Kawasaki Daishi holds many events and festivals throughout the year and there is a list on their website. One of my favorites is the Furin Ichi, a yearly bazaar selling unique wind chimes from all corners of Japan. Furin were once hung in bamboo forests to ward off evil spirits. Now these lovely wind chimes are used to create an aural image of wind or rain during Japan’s hot, humid summer. There will be approximately 900 different wind chime varieties, representing 50 locations around Japan. The next one will be held from July 19 – 23 (2017), from 10am to 6pm. I did a photo story on the Kawasaki Daishi Furin Ichi a few years ago for JapanTravel.com
Behind Kawasaki Daishi is Daishi Park, which contains a pool, tennis courts, a baseball field, two nice playgrounds, an open grassy field, and a very shallow water canal that children can splash around in. There is also a really nice Chinese garden called Shinshu-en. Entrance to the garden is free. I also did a photo story on Daishi Koen Shinshu-en a few years ago for JapanTravel.com
Close to Kawasaki Daishi Station, within the grounds of the Wakamiya Hachimangu Shrine, is the Kanayama Shrine. Locals visit this small shrine to pray for business prosperity, fertility, safe & easy delivery, marriage, and marital harmony. It does not appear to be very special, however,on the first Sunday of April, the shrine holds its annual Kanamara Matsuri, a fertility festival showcasing phalluses created in many shapes, sizes, and mediums – an event that has become world famous.

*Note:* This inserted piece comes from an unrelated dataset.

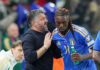 E’ il giorno dei giorni: la Nazionale si gioca un posto al Mondiale contro la Bosnia Il ct Gennaro Gattuso parla con Moise Kean durante Italia-Irlanda del Nord (Foto LaPresse -Spada)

Getting home: Take the train from Kawasaki Daishi Station three stops back to Keikyu Kawasaki Station. Go to platforms 6 and 7 to head back to Shinagawa Station. Take a train bound for Shinagawa Station or Sengakuji Station. DO NOT take a train bound for Haneda Airport. OR Take the train from Kawasaki Daishi Station three stops back to Keikyu Kawasaki Station. Follow the signs (or go back underground into Azelea) to JR Kawasaki Station. Take the Tokaido Line one stop back to Shinagawa Station. (*The Keihin-Tohoku/Negishi Line also goes to Shinagawa Station; it takes 15 minutes).